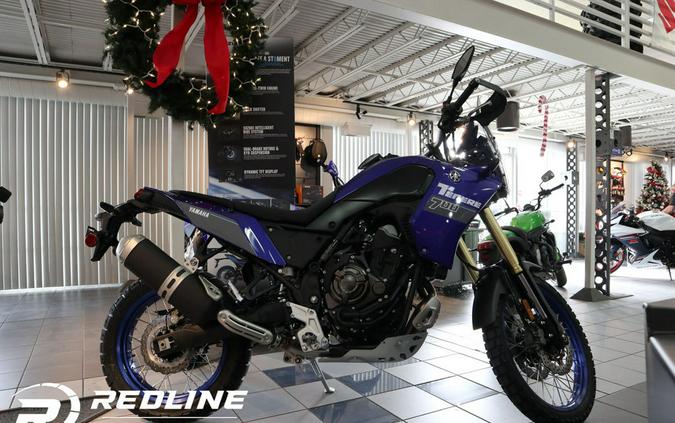 2024 Yamaha Tenere 700: First Ride On The Upgraded Adventurer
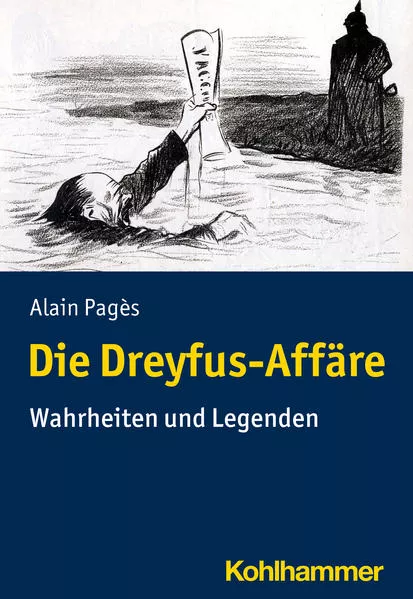 Cover: Die Dreyfus-Affäre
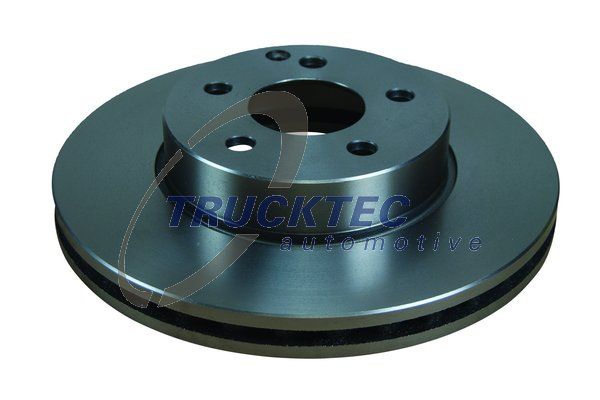 TRUCKTEC AUTOMOTIVE 02.35.237 Brake Disc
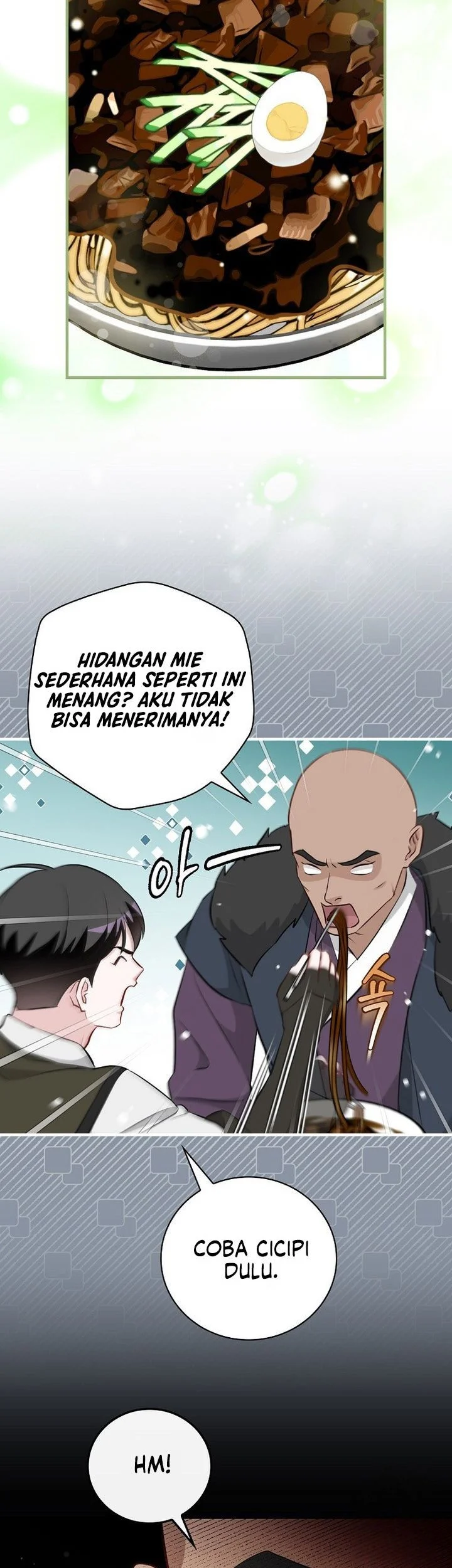 Leveling Up, By Only Eating! Bab 206 halaman 47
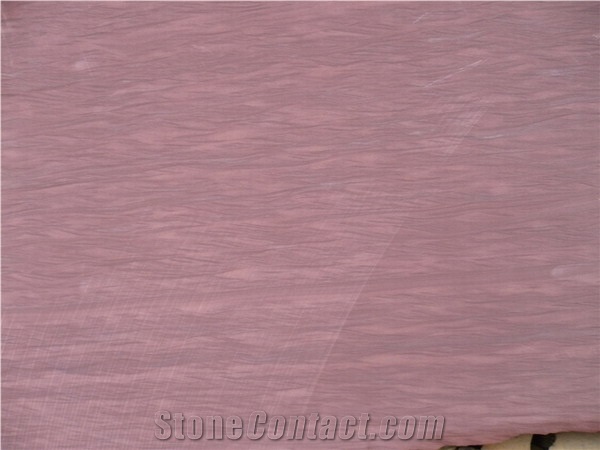 Red Wenge Sandstone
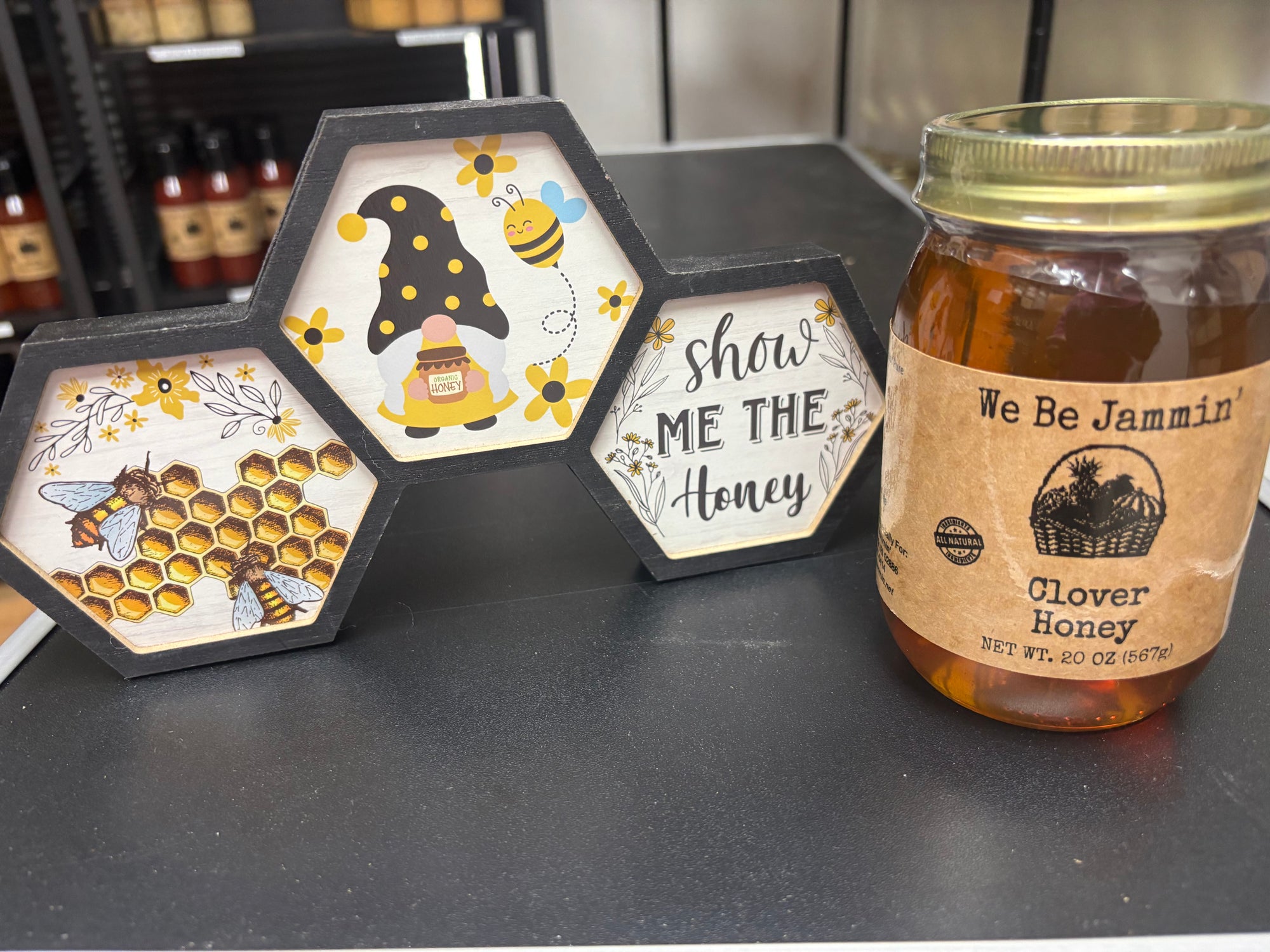 Clover Honey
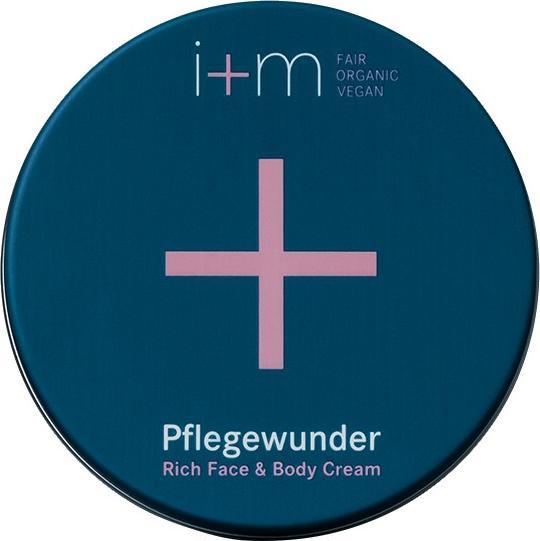 Produktbild i+m Naturkosmetik Special Care PFLEGEWUNDER - Trockene Haut (Körpercreme, 75 ml)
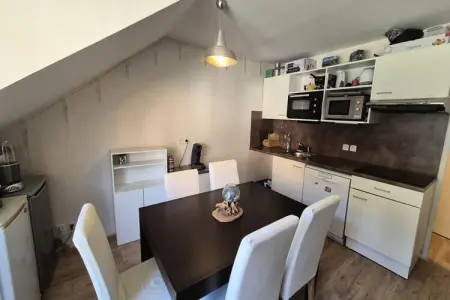 Appartement 4 Personnes Avec Acc&egrave;s Piscine, Appartement en France avec piscine et vue - Photo 5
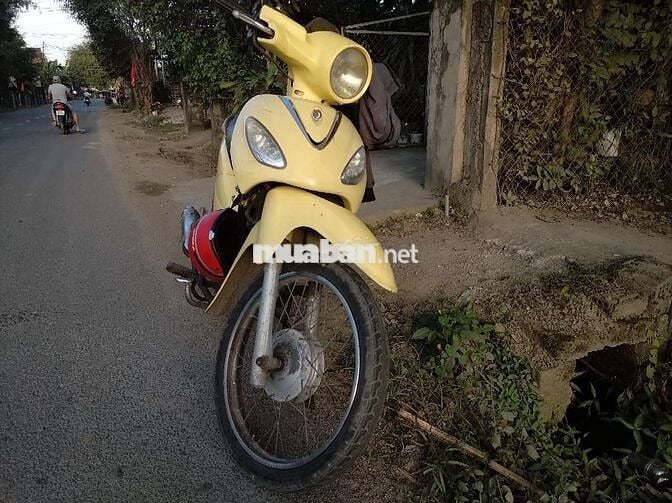 Sym Angela máy êm rin đầy đủ chức năng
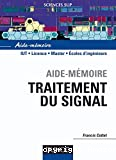 Aide-Mémoire Traitement du signal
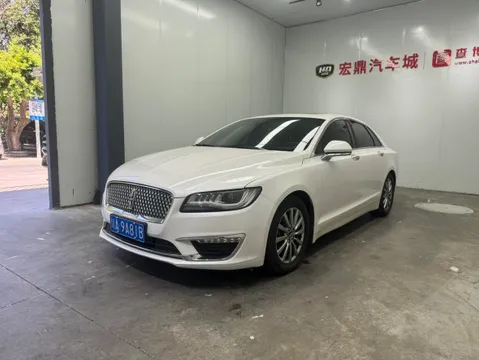 Lincoln MKZ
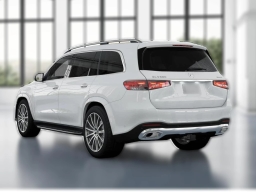 Mercedes-Benz GLS GLS 580 4MATIC SUV 2026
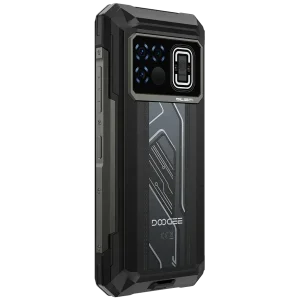 Смартфон Doogee Fire 6 Max 8/256Gb Silver EU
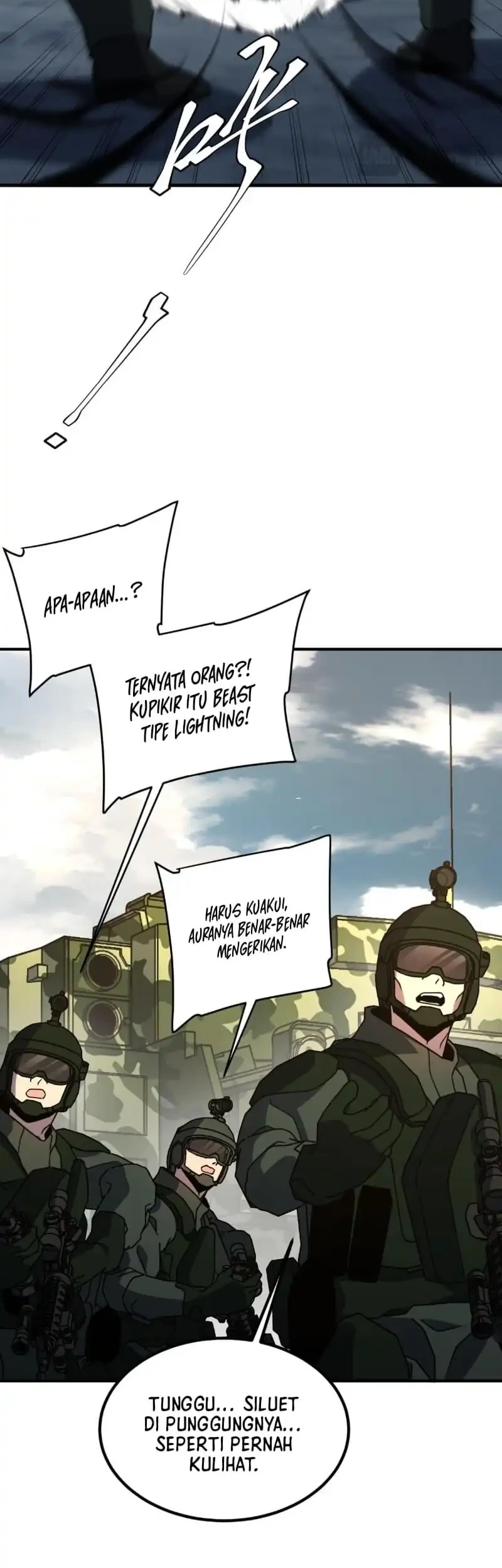 Global Superpowers: Awakening the Zixiao Divine Thunder at the Beginning Chapter 24 Gambar 52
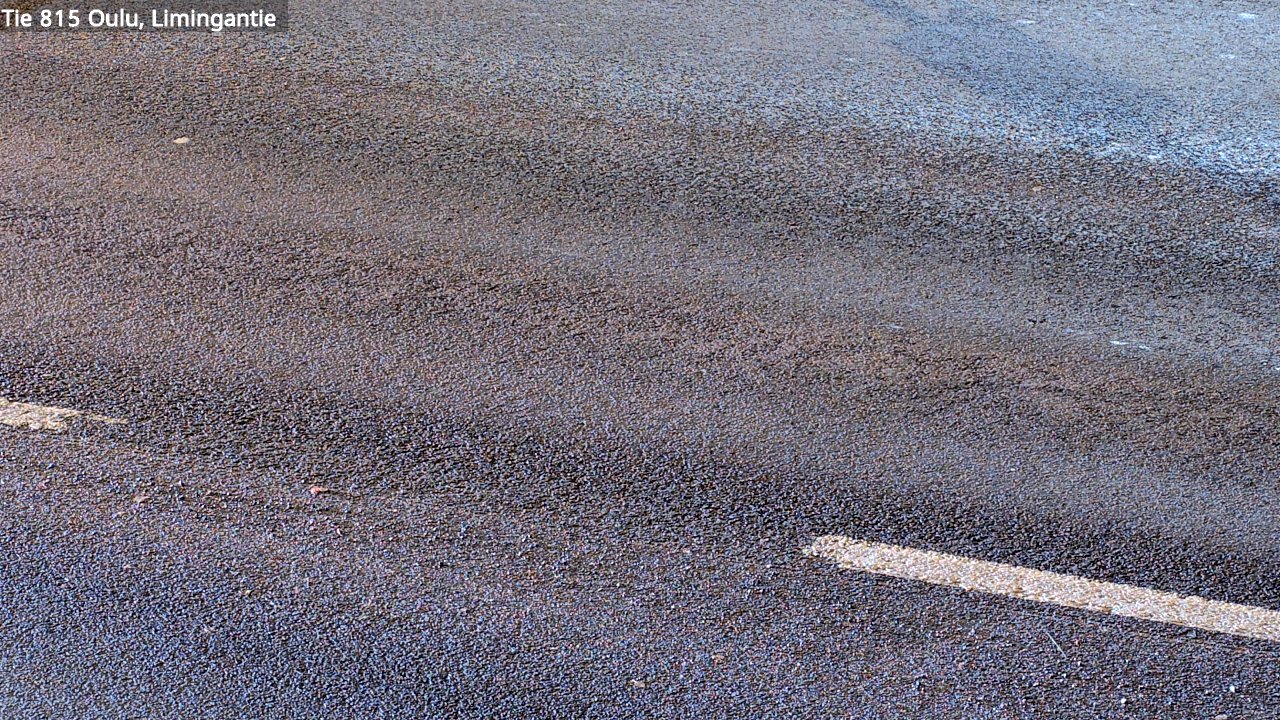 Kelikamerat Kuva Tie 815 Oulu, Limingantie, Oulu, Pohjois-Pohjanmaa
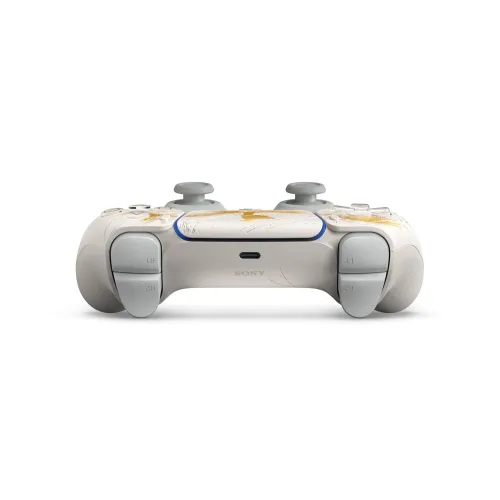 PlayStation 5 DualSense Wireless Controller Ghost of Yōtei Gold Limited Edition — image 5 of 6
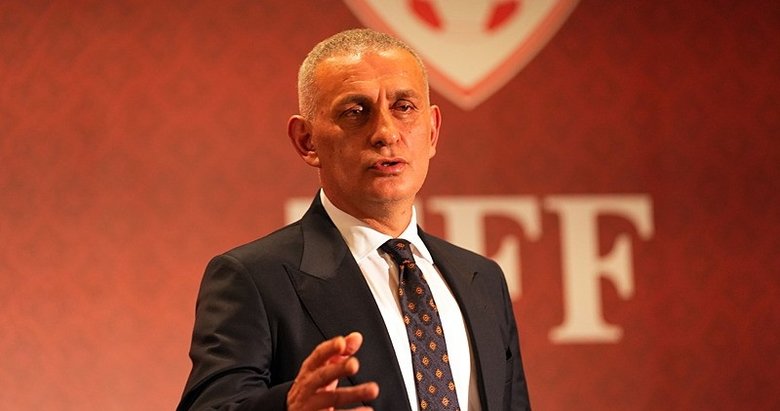 FIFA’dan TFF’ye ret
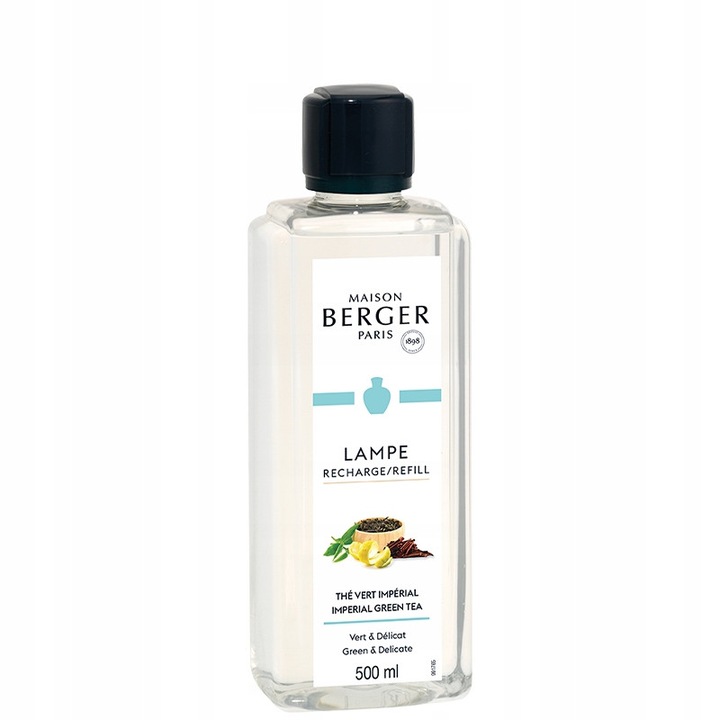 Maison Berger Paris illatolaj 500ml zöld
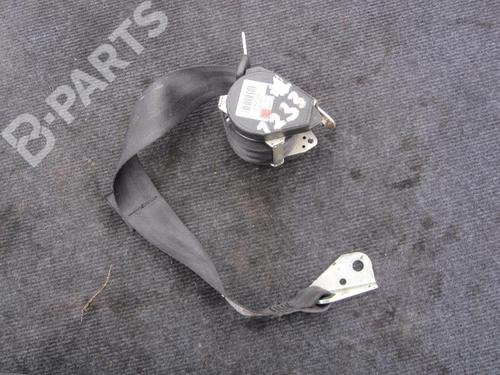 Used Rear left seatbelt VW GOLF VI (5K1) 2.0 TDI (140 hp) 6836935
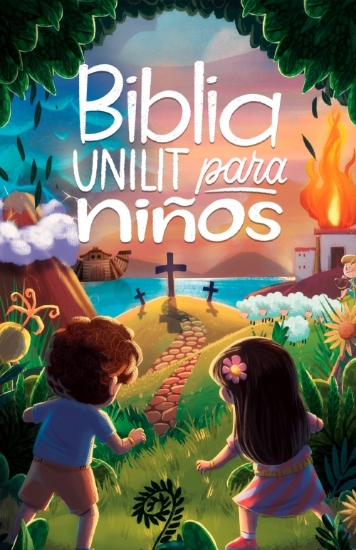 Imagen de Biblia Unilit para Niños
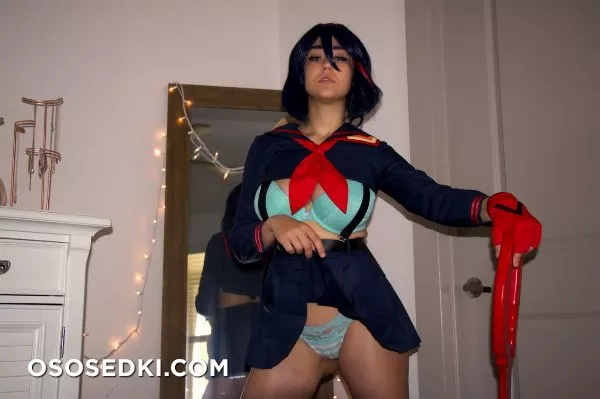 Sabrina Nichole | Kill la Kill | Ryuko - 4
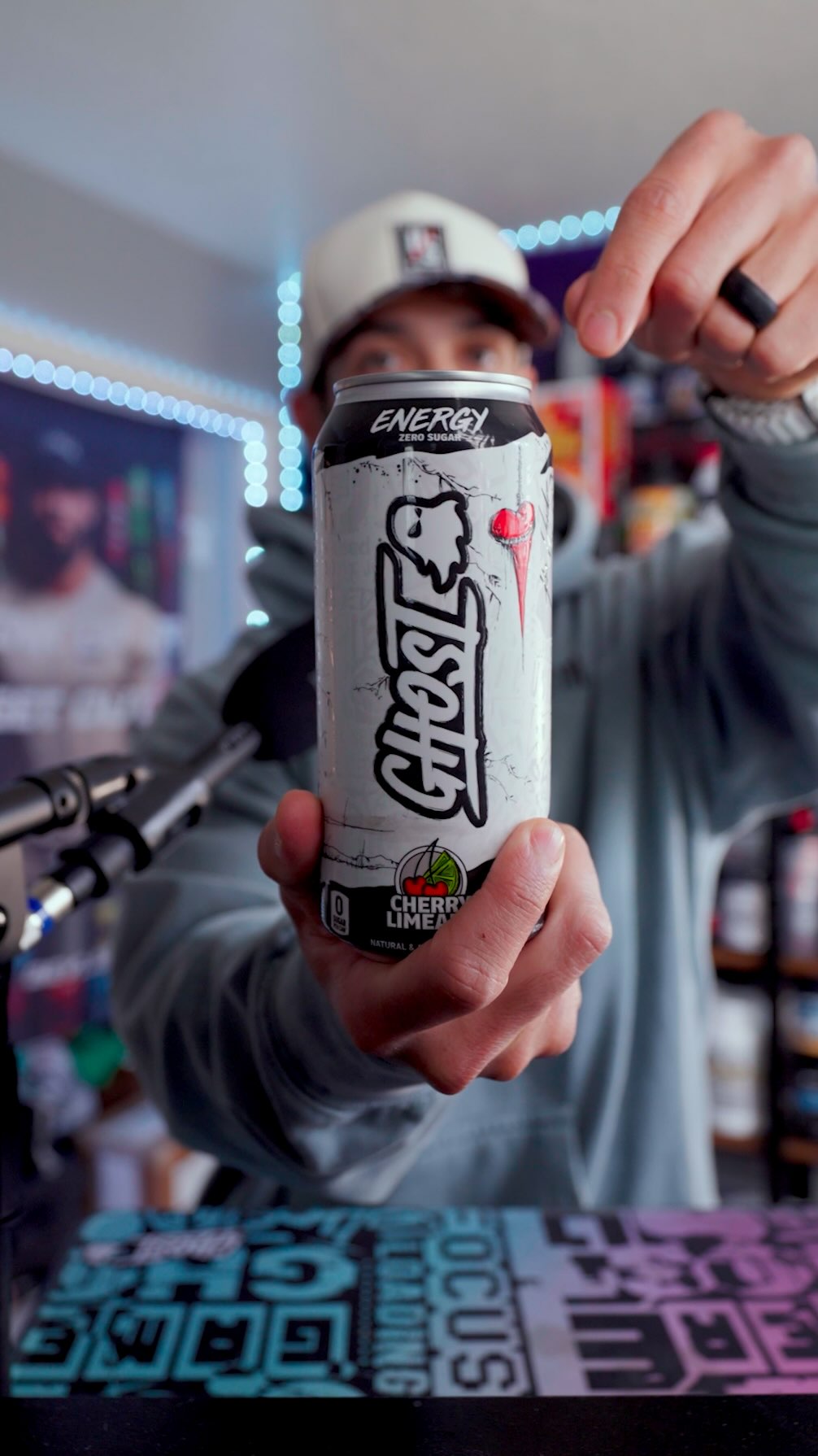 3 reasons why we reach for @ghostenergy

- AIM OF THE EXERCISE -
Give the listing again word for word. Skip every image.

- FINISHED TASK -
 2024 Yamaha Tenere 700: First Ride On The Upgraded Adventurer
 Cover: Die Dreyfus-Affäre
 TRUCKTEC AUTOMOTIVE 02.35.237 Brake Disc
 Leveling Up, By Only Eating! Bab 206 halaman 47
 Red Wenge Sandstone
 Clover Honey
 Produktbild i+m Naturkosmetik Special Care PFLEGEWUNDER - Trockene Haut (Körpercreme, 75 ml)
 Appartement 4 Personnes Avec Acc&egrave;s Piscine, Appartement en France avec piscine et vue - Photo 5
 Sym Angela máy êm rin đầy đủ chức năng
 Aide-Mémoire Traitement du signal
 Lincoln MKZ
 Mercedes-Benz GLS GLS 580 4MATIC SUV 2026
 Смартфон Doogee Fire 6 Max 8/256Gb Silver EU
 Global Superpowers: Awakening the Zixiao Divine Thunder at the Beginning Chapter 24 Gambar 52
 Kelikamerat Kuva Tie 815 Oulu, Limingantie, Oulu, Pohjois-Pohjanmaa
 PlayStation 5 DualSense Wireless Controller Ghost of Yōtei Gold Limited Edition — image 5 of 6
 FIFA’dan TFF’ye ret
 Maison Berger Paris illatolaj 500ml zöld
 Used Rear left seatbelt VW GOLF VI (5K1) 2.0 TDI (140 hp) 6836935
 Imagen de Biblia Unilit para Niños
 Sabrina Nichole | Kill la Kill | Ryuko - 4
 3 reasons why we reach for @ghostenergy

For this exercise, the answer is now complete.